書店で見たユーザー向け建築本の黄色い帯に書いてあった文字が頭から離れない。
「建築家は建築のためなら骨身を惜しまないが、それは決して、ユーザーのためではないことを忘れてはならない」 ・・・・自らを純粋な建築家魂を持つ建築家だと自認する者ほど、グサッとくるのではなかろうか。
「安全をとるか、美しさをとるか」「使いやすさを優先か、デザイン優先か」「快適な空間をとるか、少し我慢して美しい空間をとるか」・・・・本来、建築は用途を備えたものであり、安全をどうデザインするか、使いやすさ・快適性をどう空間化するかが検討課題のはずが、二項対立的な価値観の葛藤に入り込んでしまうのは何故か。

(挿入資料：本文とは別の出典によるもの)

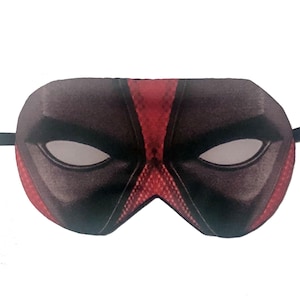 May include: A sleep mask featuring a design inspired by a comic book character. The mask is primarily black with red accents, including a central stripe and a textured pattern. It has white eye openings and a black elastic strap.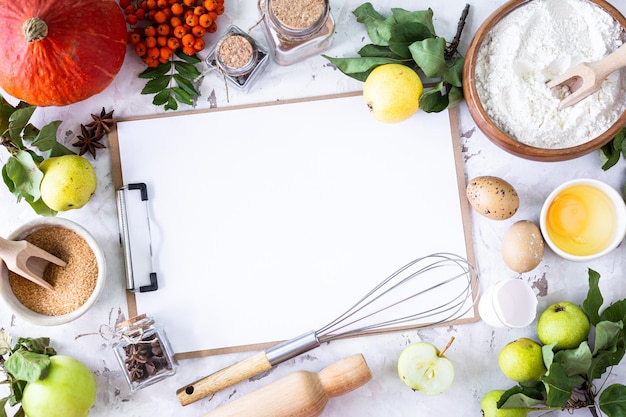 Ingrédients alimentaires pour faire une tarte à la citrouille d'automne sur fond de pierre blanche concept de cuisson maison vue supérieure espace de copie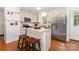 Bright kitchen featuring an island with bar seating and stainless steel appliances at 1912 Baxter St, Charlotte, NC 28204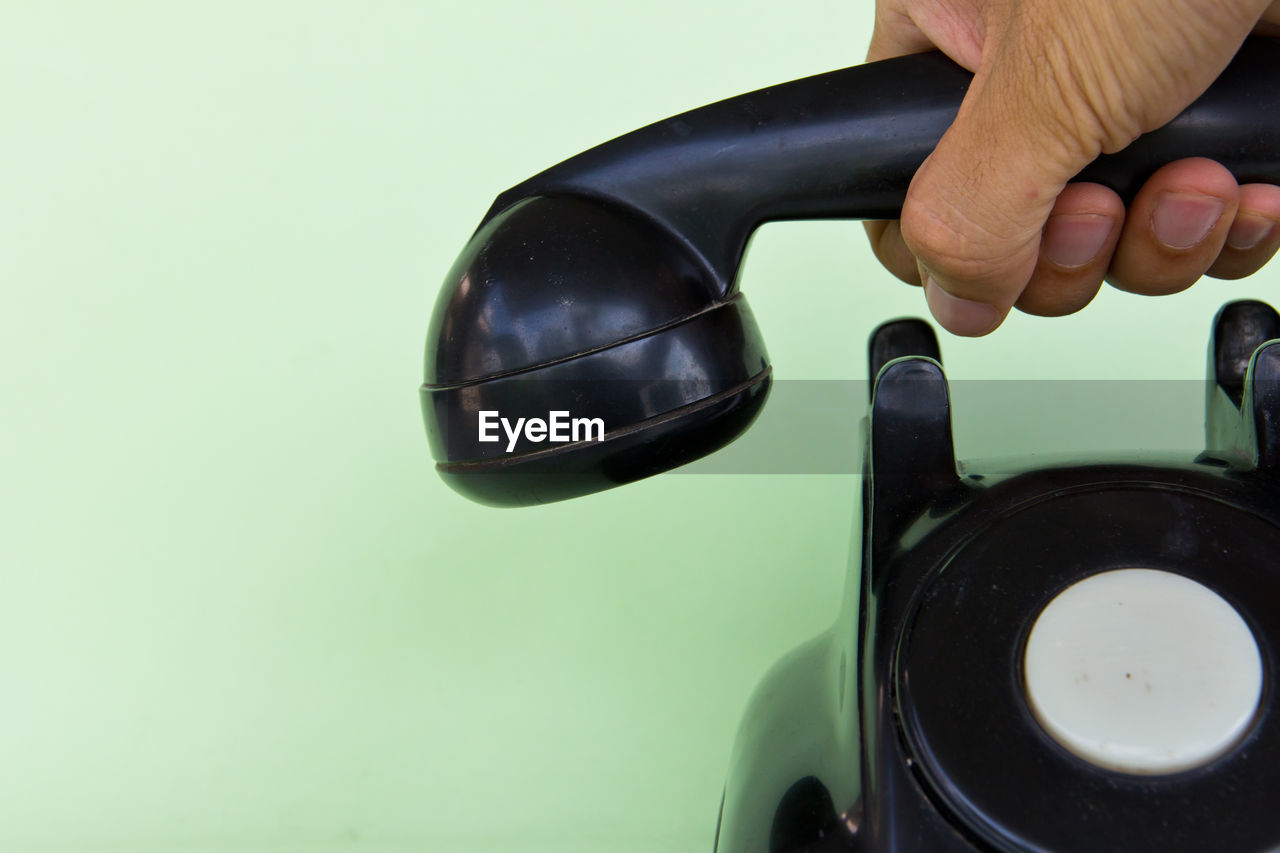 Close-up of hand holding telephone receiver against green background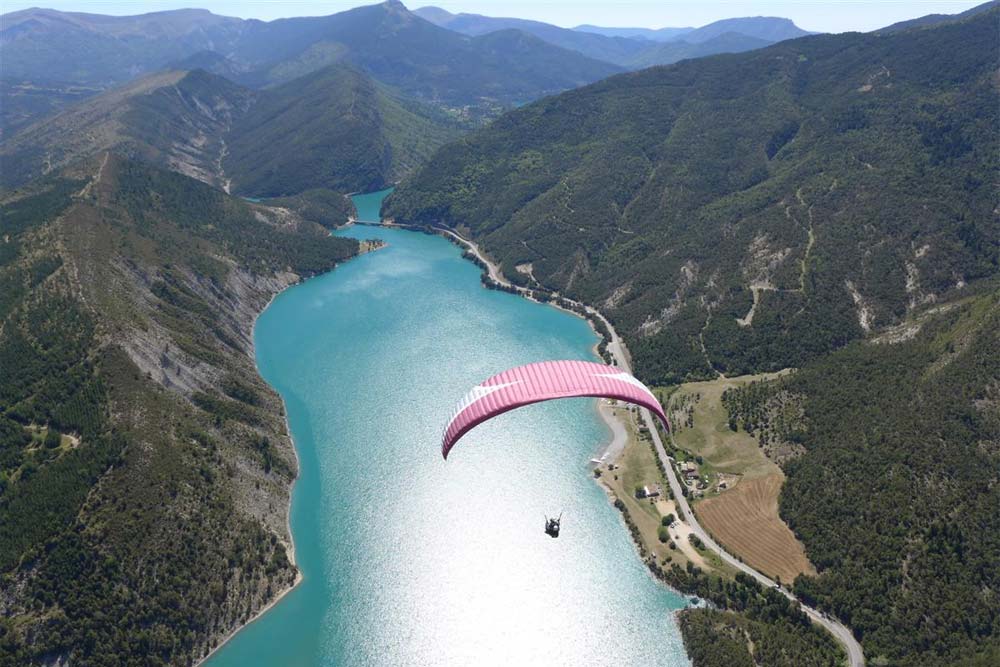 Tandem Paragliding Flight over the Lac de Castillon with Aérogliss Parapente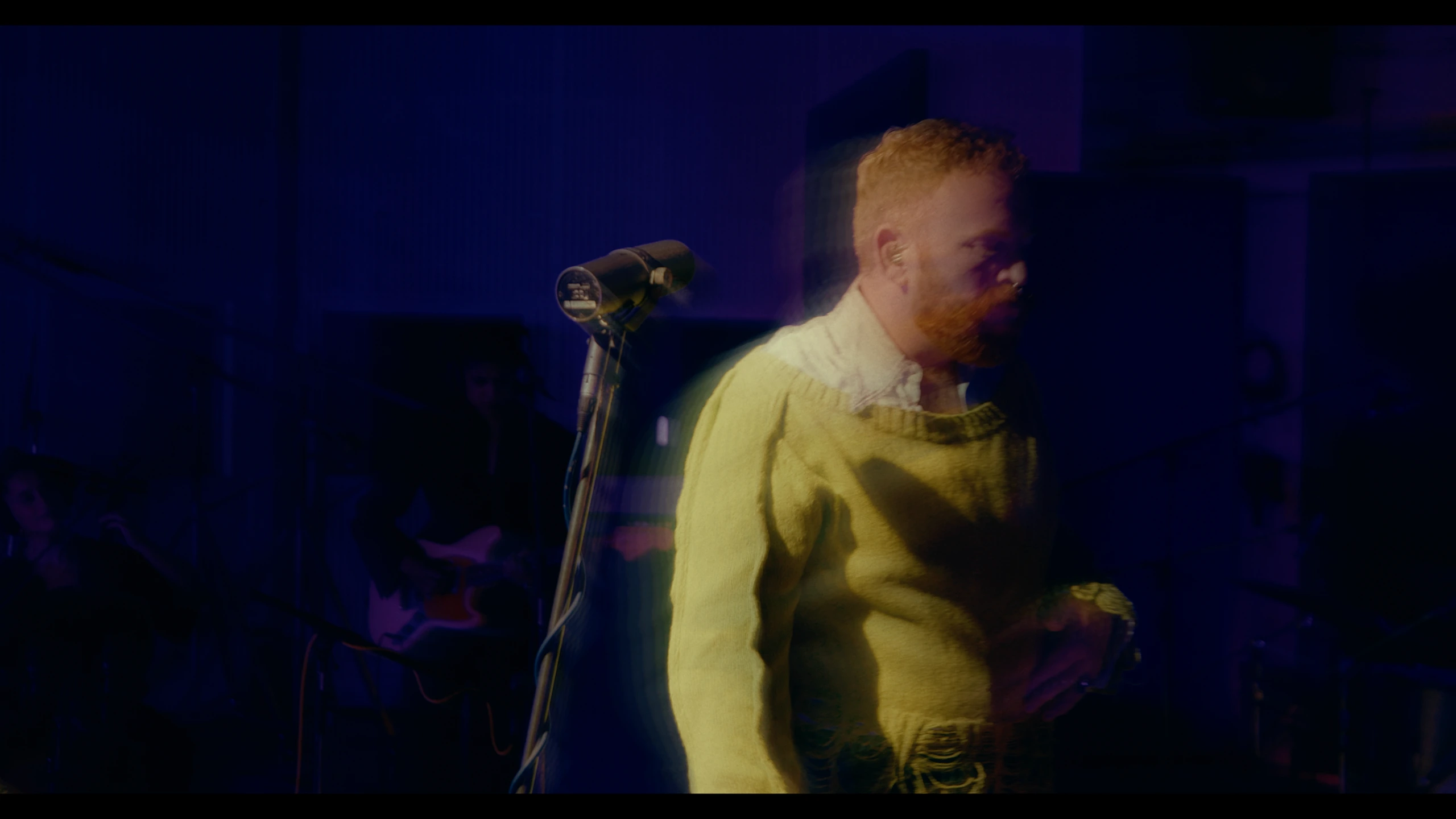 Street Violence — Tom Rasmussen, live performance directed by Joseph Wilson. Cinematography by Anibal Castaño, still 6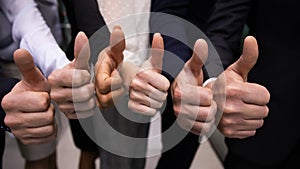 Multinational businesspeople standing in row showing thumbs up gesture closeup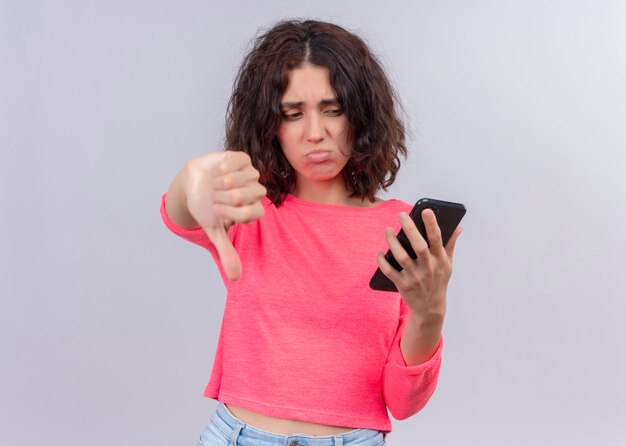 Disappointed young beautiful woman holding mobile phone and showing thumb down on isolated white wall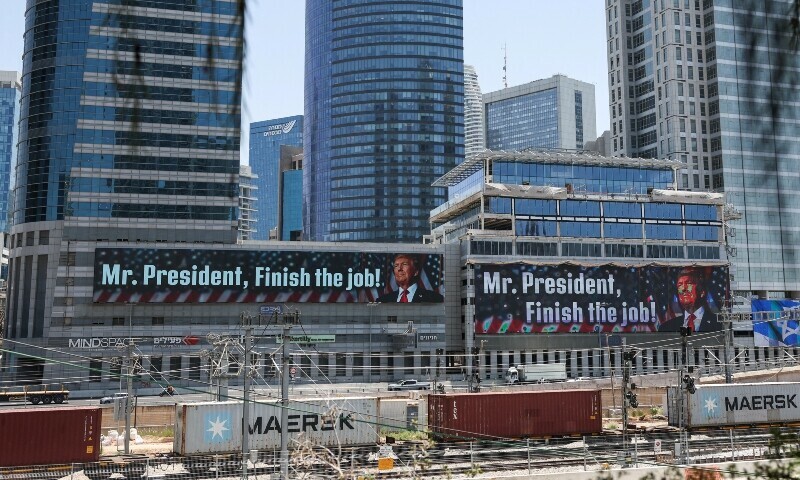 US President Donald Trump appears on a giant billboard, in Tel Aviv, Israel on June 18. &mdash; Reuters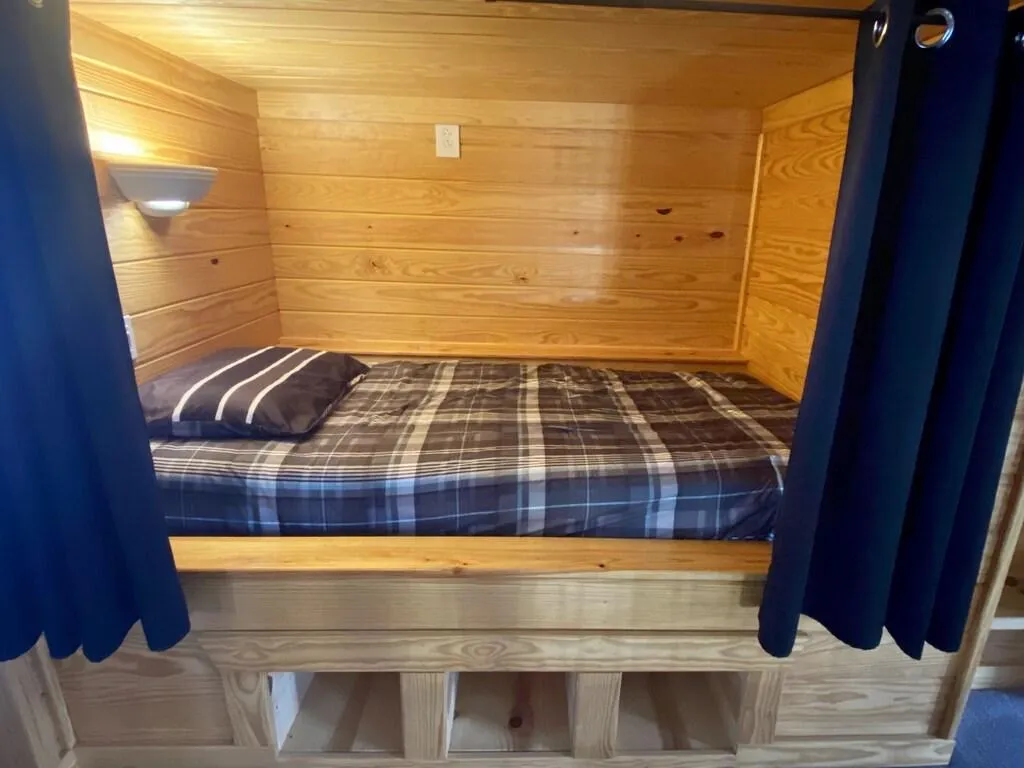 Each bed has dimmable sconce lights and outlets for phones/laptops.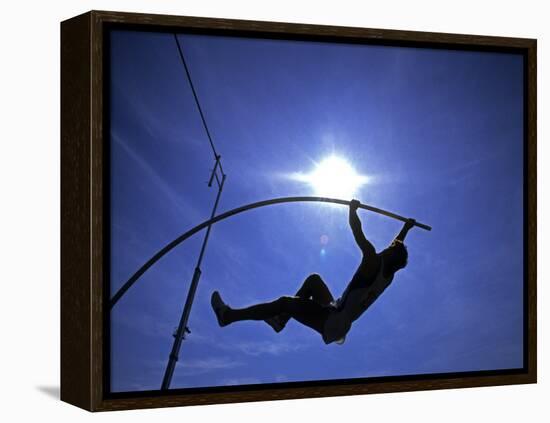 Silhouette of Male Pole Vaulter-Steven Sutton-Framed Premier Image Canvas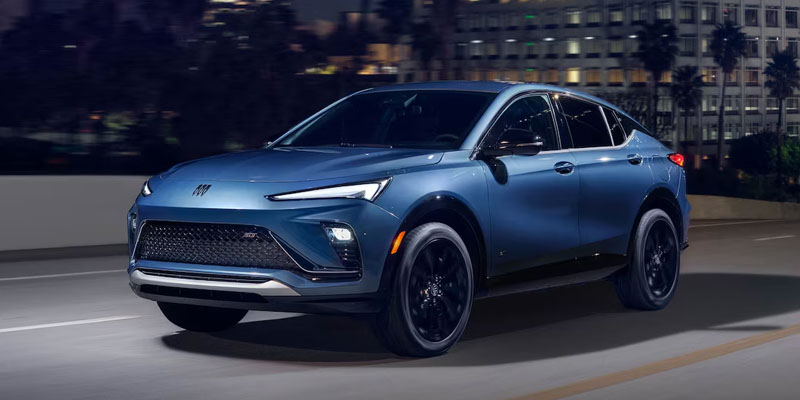 Blue Buick Envista driving at night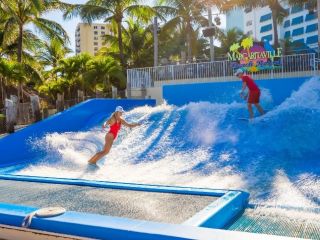 A Couple Of People Playing In A Water Park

ユーザーの好みや生活観を撮るのではなく、建築家の発想、空間の在り様を撮るのだからという理由で、カーテンをはずし、網戸までもはずし、置かれた花や掛けられた絵もはずして、建築写真を撮る作業を手伝いながらも、何か少し変だなと感じない建築家はいないだろう。
建築のためなら骨身を惜しまない・・・・云々と同様に、竣工引渡しまでのあの熱心さはどこへいってしまうのか、引渡し後に続く設計の作業はどうしてあのように苦しいのか、やっと目的のために使われ始めた「作品」の完成度をより高めていく、楽しい作業ではないのか。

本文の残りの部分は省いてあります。